HOW TO COMPLETE THIS TASK
Starting at the line containing "Ornate Emerald Scrollwork Frame Rug" and ending at the line containing "Set Mobili da", transcribe the listing below exactly. Keep both end lines, skip the pictures, and copy nothing else.

SUPPLIED DATA
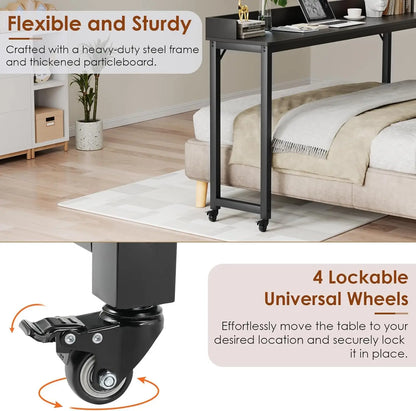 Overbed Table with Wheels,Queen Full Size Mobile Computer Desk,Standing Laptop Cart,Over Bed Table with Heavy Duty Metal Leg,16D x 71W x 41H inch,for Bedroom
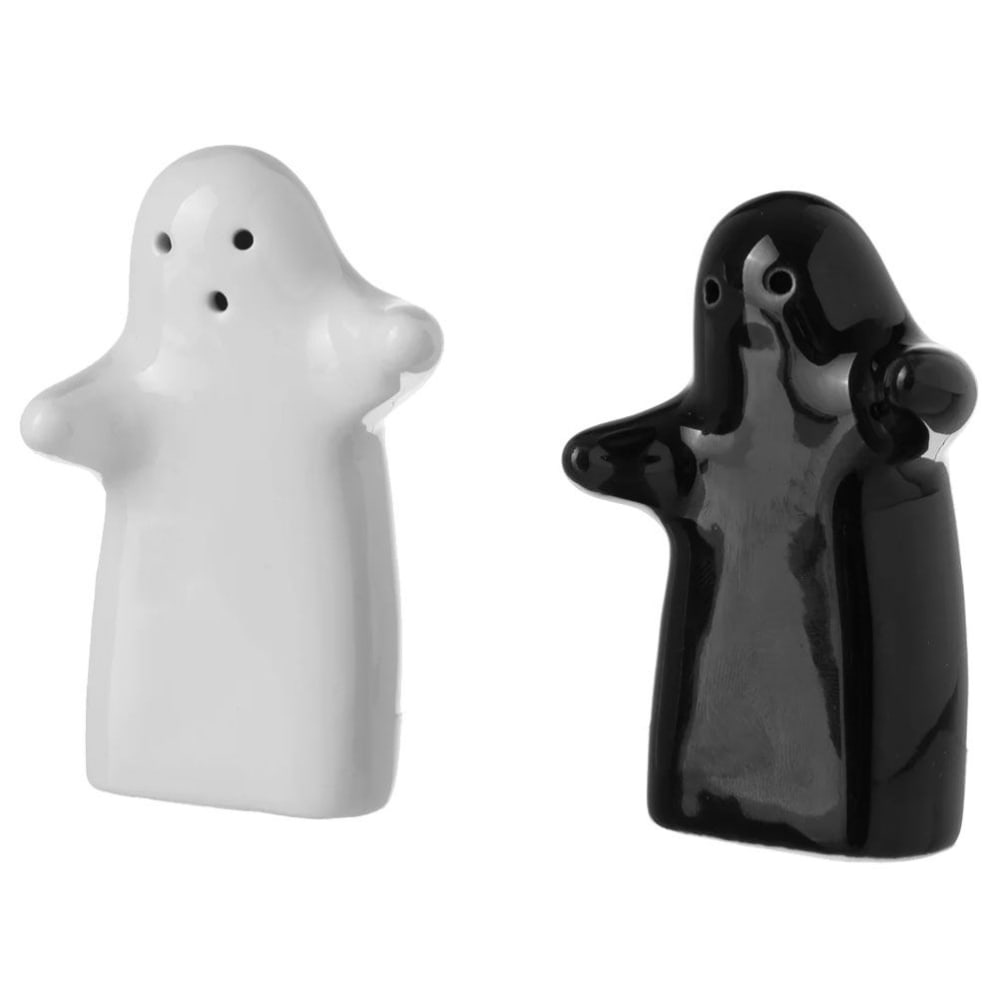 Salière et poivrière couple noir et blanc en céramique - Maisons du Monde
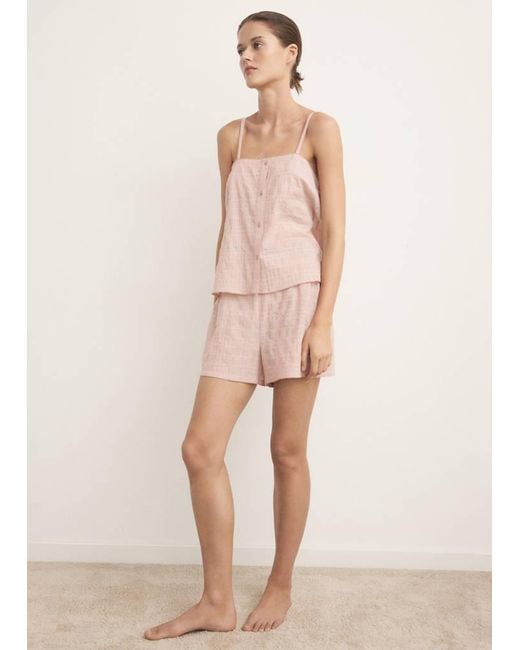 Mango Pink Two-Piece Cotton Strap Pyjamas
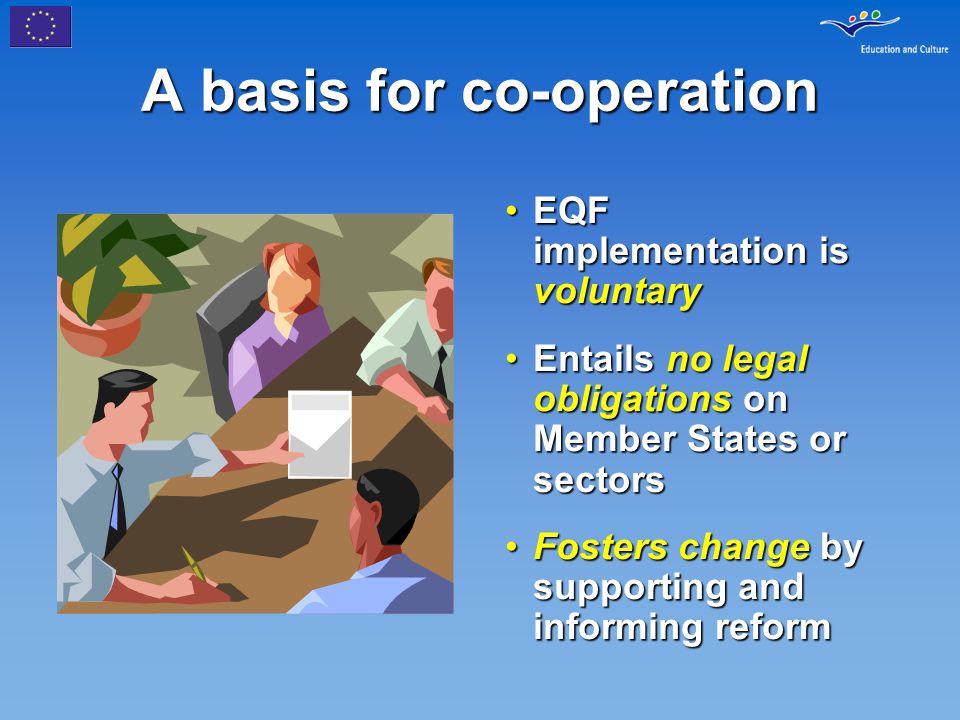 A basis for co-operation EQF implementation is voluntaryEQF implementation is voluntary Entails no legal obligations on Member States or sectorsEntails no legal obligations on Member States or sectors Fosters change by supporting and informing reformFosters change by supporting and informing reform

==

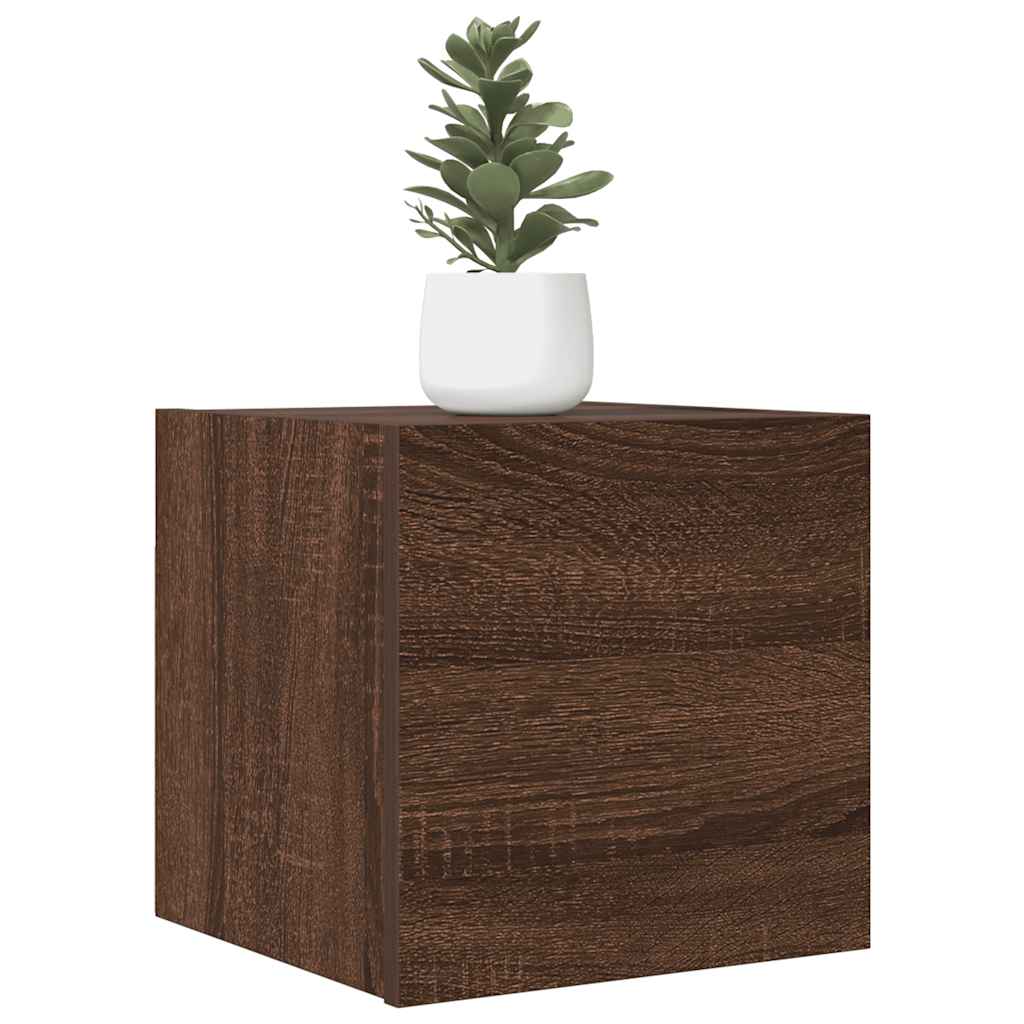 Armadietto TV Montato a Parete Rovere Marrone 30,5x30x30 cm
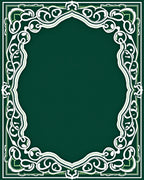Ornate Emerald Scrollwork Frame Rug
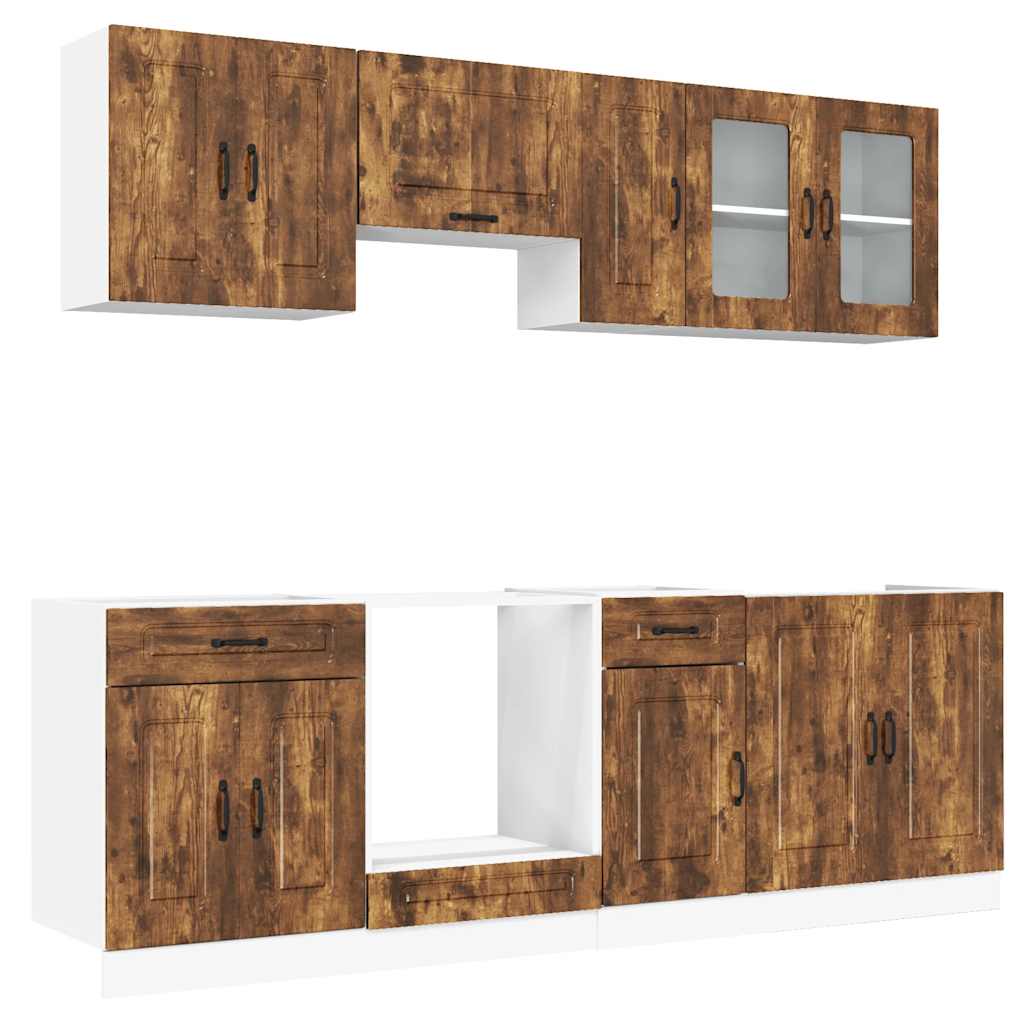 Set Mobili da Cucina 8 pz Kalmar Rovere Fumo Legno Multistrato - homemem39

EXERCISE ANSWER
Ornate Emerald Scrollwork Frame Rug
 Set Mobili da Cucina 8 pz Kalmar Rovere Fumo Legno Multistrato - homemem39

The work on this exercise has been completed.